A história do Conhecimento nos  últimos dois mil anos foi a busca incessante pelo que havia fora da caverna de nosso corpo, essa busca por esses outros que não somos nós e como eles se relacionam conosco e como podemos interagir e também como devemos nos proteger da presença deles. Para isso, precisávamos olhar para fora sem a mediação – ou com o mínimo de mediação – de nossa própria subjetividade, nossos temores e as crenças que foram sendo infundidas por um longo e largo caminho de ignorância e que, para se legitimar, passou a se chamar (também) de “tradição”.
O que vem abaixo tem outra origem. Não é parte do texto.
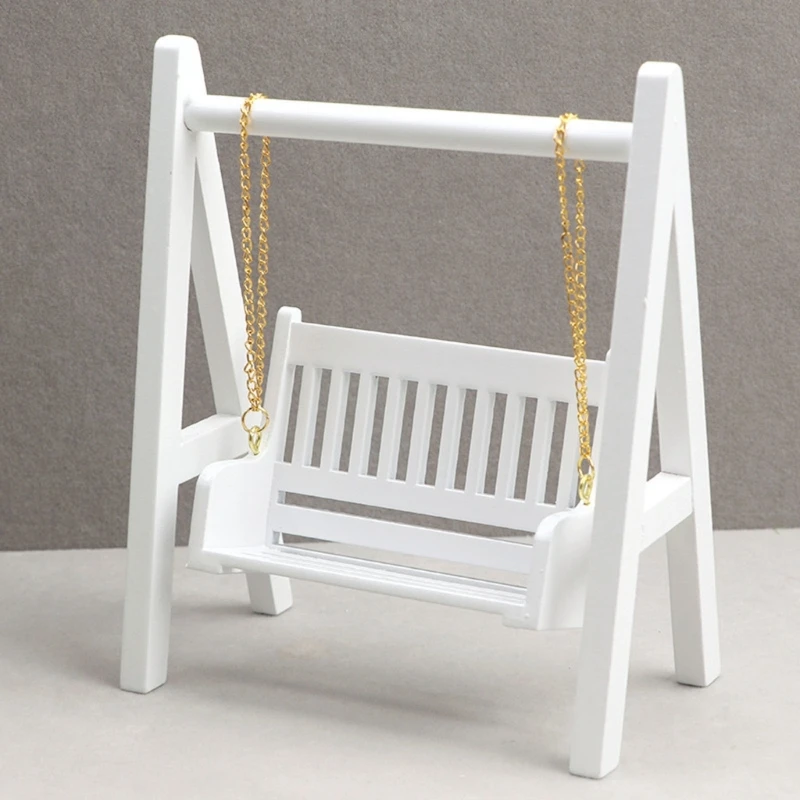 1:12 Swing Chair Toy Dollhouse Miniature Furniture Swing Chair DIY Garden for Play Scene House Layout Children’s Dolls A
O Fato é algo que existe e precisamos olhar para ele na sua inteireza, com o máximo de clareza, entendendo sua dimensão e os efeitos de sua interação com o nosso corpo. Para isso, precisamos, igualmente, evitar que nossas sensações e crenças interfiram no processo de aproximação e observação desse  “outro”. Isso demanda uma preparação árdua. Sócrates comparava o Conhecimento a um parto, ou seja, um processo longo e doloroso. Platão, na porta de sua escola, a Academia, mandou pendurar uma placa na qual estava escrito: “aqui só entram os geômetras”. A ideia de Ciência, lentamente, foi sendo forjada em torno do esforço de suspensão da nossa subjetividade, condição para que pudéssemos aprender com os outros seres vivos e não apenas submetê-los à nossa régua de valores e crenças.

Essa tem sido uma trajetória com muitas vitórias. No entanto, a humanidade como um todo caminhou de maneira profundamente desigual. E os que ficaram na caverna, atados voluntariamente ou inconscientemente às correntes da doxa, ameaçam agora efetivar uma revolta tão curiosa quanto amedrontadora: a de fechar a entrada da caverna e impedir o acesso aos Fatos. Na escuridão que tudo confunde, somente nela, é que a ignorância pode ser soberana.

O que estamos vivendo, não nos iludamos, é uma disputa pelo poder. Os vírus, a vacina, e até mesmo aquele remédio pra vermes, são todos parte desse combate de trevas e luz.